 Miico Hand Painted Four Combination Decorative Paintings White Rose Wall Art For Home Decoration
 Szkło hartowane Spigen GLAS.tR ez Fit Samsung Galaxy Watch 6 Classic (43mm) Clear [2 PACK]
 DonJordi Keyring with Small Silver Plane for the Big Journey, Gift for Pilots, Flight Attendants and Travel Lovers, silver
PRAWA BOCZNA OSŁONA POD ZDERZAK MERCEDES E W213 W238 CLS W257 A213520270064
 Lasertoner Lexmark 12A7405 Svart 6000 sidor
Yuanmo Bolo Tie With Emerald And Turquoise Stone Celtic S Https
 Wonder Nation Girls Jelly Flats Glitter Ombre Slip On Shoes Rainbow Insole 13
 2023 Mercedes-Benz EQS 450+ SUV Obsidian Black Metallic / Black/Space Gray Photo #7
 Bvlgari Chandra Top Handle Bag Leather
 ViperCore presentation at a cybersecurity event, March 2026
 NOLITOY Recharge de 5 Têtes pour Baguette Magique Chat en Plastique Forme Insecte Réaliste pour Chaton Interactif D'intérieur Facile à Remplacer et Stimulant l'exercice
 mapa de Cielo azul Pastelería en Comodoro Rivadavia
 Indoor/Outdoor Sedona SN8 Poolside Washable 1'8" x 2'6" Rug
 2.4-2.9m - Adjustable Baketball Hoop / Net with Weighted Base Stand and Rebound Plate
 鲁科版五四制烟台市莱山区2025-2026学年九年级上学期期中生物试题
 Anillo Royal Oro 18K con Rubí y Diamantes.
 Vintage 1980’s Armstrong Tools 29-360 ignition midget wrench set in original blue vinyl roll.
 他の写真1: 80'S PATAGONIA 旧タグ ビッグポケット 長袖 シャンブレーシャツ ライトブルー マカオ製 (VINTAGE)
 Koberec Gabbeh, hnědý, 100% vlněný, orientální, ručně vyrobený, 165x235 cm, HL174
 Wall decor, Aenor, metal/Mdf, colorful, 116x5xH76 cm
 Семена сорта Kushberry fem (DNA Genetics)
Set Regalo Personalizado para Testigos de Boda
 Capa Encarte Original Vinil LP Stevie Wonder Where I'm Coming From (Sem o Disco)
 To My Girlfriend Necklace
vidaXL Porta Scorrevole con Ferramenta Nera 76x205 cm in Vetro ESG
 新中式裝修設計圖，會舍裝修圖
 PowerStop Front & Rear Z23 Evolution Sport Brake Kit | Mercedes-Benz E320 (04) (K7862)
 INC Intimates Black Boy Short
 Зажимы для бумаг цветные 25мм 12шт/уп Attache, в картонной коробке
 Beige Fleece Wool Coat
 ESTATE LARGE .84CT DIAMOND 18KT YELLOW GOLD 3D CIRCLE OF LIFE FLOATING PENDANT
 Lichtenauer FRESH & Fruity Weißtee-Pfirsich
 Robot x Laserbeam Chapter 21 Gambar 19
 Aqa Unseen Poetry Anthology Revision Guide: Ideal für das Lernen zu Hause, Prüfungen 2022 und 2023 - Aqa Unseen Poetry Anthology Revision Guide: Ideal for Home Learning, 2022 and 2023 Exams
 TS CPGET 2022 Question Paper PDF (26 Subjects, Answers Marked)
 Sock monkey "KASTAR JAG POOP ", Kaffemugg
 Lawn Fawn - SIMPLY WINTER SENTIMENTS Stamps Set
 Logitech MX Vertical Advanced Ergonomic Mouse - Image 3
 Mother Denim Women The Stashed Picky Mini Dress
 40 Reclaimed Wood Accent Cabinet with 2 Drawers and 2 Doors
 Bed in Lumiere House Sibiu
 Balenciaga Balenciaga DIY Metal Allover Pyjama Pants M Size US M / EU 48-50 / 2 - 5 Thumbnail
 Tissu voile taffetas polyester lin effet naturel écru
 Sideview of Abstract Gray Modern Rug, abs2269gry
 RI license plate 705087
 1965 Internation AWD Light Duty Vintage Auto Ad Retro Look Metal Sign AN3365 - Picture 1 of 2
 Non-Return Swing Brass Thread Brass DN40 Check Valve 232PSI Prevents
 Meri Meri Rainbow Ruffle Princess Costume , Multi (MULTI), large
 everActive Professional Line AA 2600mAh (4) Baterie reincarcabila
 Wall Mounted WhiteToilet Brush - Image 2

══════════

**Assigned task:** Write out the data above again, word for word.

**Answer space:**
 Miico Hand Painted Four Combination Decorative Paintings White Rose Wall Art For Home Decoration
 Szkło hartowane Spigen GLAS.tR ez Fit Samsung Galaxy Watch 6 Classic (43mm) Clear [2 PACK]
 DonJordi Keyring with Small Silver Plane for the Big Journey, Gift for Pilots, Flight Attendants and Travel Lovers, silver
PRAWA BOCZNA OSŁONA POD ZDERZAK MERCEDES E W213 W238 CLS W257 A213520270064
 Lasertoner Lexmark 12A7405 Svart 6000 sidor
Yuanmo Bolo Tie With Emerald And Turquoise Stone Celtic S Https
 Wonder Nation Girls Jelly Flats Glitter Ombre Slip On Shoes Rainbow Insole 13
 2023 Mercedes-Benz EQS 450+ SUV Obsidian Black Metallic / Black/Space Gray Photo #7
 Bvlgari Chandra Top Handle Bag Leather
 ViperCore presentation at a cybersecurity event, March 2026
 NOLITOY Recharge de 5 Têtes pour Baguette Magique Chat en Plastique Forme Insecte Réaliste pour Chaton Interactif D'intérieur Facile à Remplacer et Stimulant l'exercice
 mapa de Cielo azul Pastelería en Comodoro Rivadavia
 Indoor/Outdoor Sedona SN8 Poolside Washable 1'8" x 2'6" Rug
 2.4-2.9m - Adjustable Baketball Hoop / Net with Weighted Base Stand and Rebound Plate
 鲁科版五四制烟台市莱山区2025-2026学年九年级上学期期中生物试题
 Anillo Royal Oro 18K con Rubí y Diamantes.
 Vintage 1980’s Armstrong Tools 29-360 ignition midget wrench set in original blue vinyl roll.
 他の写真1: 80'S PATAGONIA 旧タグ ビッグポケット 長袖 シャンブレーシャツ ライトブルー マカオ製 (VINTAGE)
 Koberec Gabbeh, hnědý, 100% vlněný, orientální, ručně vyrobený, 165x235 cm, HL174
 Wall decor, Aenor, metal/Mdf, colorful, 116x5xH76 cm
 Семена сорта Kushberry fem (DNA Genetics)
Set Regalo Personalizado para Testigos de Boda
 Capa Encarte Original Vinil LP Stevie Wonder Where I'm Coming From (Sem o Disco)
 To My Girlfriend Necklace
vidaXL Porta Scorrevole con Ferramenta Nera 76x205 cm in Vetro ESG
 新中式裝修設計圖，會舍裝修圖
 PowerStop Front & Rear Z23 Evolution Sport Brake Kit | Mercedes-Benz E320 (04) (K7862)
 INC Intimates Black Boy Short
 Зажимы для бумаг цветные 25мм 12шт/уп Attache, в картонной коробке
 Beige Fleece Wool Coat
 ESTATE LARGE .84CT DIAMOND 18KT YELLOW GOLD 3D CIRCLE OF LIFE FLOATING PENDANT
 Lichtenauer FRESH & Fruity Weißtee-Pfirsich
 Robot x Laserbeam Chapter 21 Gambar 19
 Aqa Unseen Poetry Anthology Revision Guide: Ideal für das Lernen zu Hause, Prüfungen 2022 und 2023 - Aqa Unseen Poetry Anthology Revision Guide: Ideal for Home Learning, 2022 and 2023 Exams
 TS CPGET 2022 Question Paper PDF (26 Subjects, Answers Marked)
 Sock monkey "KASTAR JAG POOP ", Kaffemugg
 Lawn Fawn - SIMPLY WINTER SENTIMENTS Stamps Set
 Logitech MX Vertical Advanced Ergonomic Mouse - Image 3
 Mother Denim Women The Stashed Picky Mini Dress
 40 Reclaimed Wood Accent Cabinet with 2 Drawers and 2 Doors
 Bed in Lumiere House Sibiu
 Balenciaga Balenciaga DIY Metal Allover Pyjama Pants M Size US M / EU 48-50 / 2 - 5 Thumbnail
 Tissu voile taffetas polyester lin effet naturel écru
 Sideview of Abstract Gray Modern Rug, abs2269gry
 RI license plate 705087
 1965 Internation AWD Light Duty Vintage Auto Ad Retro Look Metal Sign AN3365 - Picture 1 of 2
 Non-Return Swing Brass Thread Brass DN40 Check Valve 232PSI Prevents
 Meri Meri Rainbow Ruffle Princess Costume , Multi (MULTI), large
 everActive Professional Line AA 2600mAh (4) Baterie reincarcabila
 Wall Mounted WhiteToilet Brush - Image 2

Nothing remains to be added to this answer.